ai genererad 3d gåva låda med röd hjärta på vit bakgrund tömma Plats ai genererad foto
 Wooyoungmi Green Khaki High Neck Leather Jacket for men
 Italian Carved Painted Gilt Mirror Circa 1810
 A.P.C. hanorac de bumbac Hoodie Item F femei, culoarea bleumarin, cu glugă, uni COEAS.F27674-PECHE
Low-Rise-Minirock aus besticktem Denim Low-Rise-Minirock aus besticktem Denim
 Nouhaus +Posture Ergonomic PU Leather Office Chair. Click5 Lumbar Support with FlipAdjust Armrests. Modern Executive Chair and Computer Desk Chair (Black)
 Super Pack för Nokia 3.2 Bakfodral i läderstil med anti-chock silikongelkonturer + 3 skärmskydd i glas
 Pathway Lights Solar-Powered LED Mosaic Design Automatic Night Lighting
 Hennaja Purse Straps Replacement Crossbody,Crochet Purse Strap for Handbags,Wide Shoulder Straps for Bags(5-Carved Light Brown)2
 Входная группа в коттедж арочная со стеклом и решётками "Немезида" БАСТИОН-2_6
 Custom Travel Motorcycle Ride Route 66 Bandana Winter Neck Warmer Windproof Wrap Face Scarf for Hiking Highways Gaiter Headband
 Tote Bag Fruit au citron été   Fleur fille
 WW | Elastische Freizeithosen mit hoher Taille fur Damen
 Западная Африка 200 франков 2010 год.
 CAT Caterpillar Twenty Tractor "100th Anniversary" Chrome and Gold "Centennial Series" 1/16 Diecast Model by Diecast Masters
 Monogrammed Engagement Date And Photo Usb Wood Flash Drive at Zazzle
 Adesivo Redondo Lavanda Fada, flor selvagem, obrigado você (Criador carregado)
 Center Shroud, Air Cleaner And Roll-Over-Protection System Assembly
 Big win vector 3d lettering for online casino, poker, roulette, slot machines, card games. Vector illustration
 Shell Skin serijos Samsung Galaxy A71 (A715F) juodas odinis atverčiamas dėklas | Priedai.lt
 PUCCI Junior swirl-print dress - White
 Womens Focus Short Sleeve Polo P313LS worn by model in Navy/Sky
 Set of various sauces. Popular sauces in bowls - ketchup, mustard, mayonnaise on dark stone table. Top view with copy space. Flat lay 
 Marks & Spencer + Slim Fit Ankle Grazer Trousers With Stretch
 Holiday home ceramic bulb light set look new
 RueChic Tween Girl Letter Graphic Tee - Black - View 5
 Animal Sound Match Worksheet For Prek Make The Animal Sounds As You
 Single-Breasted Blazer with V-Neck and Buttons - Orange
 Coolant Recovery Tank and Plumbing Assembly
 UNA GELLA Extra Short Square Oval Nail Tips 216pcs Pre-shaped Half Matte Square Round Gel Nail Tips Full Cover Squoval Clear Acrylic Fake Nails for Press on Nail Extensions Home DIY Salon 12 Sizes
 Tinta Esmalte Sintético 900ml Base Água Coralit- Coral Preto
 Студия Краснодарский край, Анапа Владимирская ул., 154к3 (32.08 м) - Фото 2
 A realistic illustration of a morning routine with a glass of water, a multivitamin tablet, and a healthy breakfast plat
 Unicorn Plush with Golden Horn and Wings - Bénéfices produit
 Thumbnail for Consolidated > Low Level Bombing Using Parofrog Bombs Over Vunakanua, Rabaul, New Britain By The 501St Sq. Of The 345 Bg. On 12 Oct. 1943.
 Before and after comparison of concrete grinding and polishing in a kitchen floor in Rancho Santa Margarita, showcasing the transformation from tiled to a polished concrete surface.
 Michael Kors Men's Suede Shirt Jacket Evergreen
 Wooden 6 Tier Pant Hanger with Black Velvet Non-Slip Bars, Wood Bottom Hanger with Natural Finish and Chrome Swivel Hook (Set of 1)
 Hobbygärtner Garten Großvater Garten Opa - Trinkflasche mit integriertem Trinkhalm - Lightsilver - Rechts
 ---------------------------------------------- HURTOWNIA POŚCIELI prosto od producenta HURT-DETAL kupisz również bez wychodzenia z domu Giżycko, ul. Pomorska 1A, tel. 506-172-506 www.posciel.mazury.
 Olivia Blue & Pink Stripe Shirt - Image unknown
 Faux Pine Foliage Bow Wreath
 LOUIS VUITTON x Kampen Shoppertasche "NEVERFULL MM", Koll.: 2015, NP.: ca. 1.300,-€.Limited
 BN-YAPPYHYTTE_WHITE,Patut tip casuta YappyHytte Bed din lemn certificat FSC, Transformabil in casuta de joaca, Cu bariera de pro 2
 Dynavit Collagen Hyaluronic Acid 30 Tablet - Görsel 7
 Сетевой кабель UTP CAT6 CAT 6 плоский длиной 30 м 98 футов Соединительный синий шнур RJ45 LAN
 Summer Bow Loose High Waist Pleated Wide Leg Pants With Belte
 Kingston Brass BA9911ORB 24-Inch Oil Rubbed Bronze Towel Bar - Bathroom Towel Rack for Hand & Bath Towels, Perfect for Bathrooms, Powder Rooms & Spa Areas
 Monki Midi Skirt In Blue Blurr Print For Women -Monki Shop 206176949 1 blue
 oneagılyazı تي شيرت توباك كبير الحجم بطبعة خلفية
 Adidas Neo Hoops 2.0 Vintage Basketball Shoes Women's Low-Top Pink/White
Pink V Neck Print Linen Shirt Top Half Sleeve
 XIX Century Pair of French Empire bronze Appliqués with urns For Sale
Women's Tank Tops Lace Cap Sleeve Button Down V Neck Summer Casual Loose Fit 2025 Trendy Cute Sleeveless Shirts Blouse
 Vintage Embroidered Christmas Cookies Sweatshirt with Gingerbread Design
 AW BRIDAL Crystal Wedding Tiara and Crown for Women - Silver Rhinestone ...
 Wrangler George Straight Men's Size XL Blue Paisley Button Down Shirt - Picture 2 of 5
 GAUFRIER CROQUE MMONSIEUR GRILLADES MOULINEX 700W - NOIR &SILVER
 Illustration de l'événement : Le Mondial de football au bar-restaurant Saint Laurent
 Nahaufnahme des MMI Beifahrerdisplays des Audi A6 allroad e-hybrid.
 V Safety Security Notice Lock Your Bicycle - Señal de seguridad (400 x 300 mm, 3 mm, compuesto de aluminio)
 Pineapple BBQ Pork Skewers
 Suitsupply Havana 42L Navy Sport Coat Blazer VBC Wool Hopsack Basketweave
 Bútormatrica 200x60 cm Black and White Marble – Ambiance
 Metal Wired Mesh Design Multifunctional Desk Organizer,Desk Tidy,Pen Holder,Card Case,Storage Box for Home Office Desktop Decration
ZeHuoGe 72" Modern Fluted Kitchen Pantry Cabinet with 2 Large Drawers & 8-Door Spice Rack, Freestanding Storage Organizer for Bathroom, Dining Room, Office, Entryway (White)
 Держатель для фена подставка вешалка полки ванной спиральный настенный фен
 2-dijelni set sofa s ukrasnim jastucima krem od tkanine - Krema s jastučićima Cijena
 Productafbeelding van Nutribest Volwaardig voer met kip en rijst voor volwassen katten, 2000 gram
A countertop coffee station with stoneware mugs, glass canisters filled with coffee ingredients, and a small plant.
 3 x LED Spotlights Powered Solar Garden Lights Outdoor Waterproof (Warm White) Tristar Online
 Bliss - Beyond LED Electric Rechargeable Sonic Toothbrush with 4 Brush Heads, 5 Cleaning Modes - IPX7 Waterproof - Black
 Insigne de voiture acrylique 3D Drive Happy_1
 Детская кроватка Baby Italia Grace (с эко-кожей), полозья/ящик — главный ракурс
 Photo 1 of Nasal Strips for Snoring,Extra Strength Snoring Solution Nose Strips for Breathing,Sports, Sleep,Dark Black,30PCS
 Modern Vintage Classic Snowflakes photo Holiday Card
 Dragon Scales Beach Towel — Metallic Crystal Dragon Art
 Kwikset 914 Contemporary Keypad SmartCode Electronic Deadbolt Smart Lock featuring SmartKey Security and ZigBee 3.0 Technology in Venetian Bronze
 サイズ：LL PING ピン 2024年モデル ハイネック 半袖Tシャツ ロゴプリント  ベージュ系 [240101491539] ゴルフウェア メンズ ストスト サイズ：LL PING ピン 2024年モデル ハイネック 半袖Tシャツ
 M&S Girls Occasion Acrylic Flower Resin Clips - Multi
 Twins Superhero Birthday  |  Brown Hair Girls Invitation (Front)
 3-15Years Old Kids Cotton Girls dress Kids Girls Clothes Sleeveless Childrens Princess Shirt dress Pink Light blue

What you have to do = In the entries above, find the line with "Animal Sound Match" and the line with "Unicorn Plush with", then set down exactly those two and every line between them, nothing else.

Response =
 Animal Sound Match Worksheet For Prek Make The Animal Sounds As You
 Single-Breasted Blazer with V-Neck and Buttons - Orange
 Coolant Recovery Tank and Plumbing Assembly
 UNA GELLA Extra Short Square Oval Nail Tips 216pcs Pre-shaped Half Matte Square Round Gel Nail Tips Full Cover Squoval Clear Acrylic Fake Nails for Press on Nail Extensions Home DIY Salon 12 Sizes
 Tinta Esmalte Sintético 900ml Base Água Coralit- Coral Preto
 Студия Краснодарский край, Анапа Владимирская ул., 154к3 (32.08 м) - Фото 2
 A realistic illustration of a morning routine with a glass of water, a multivitamin tablet, and a healthy breakfast plat
 Unicorn Plush with Golden Horn and Wings - Bénéfices produit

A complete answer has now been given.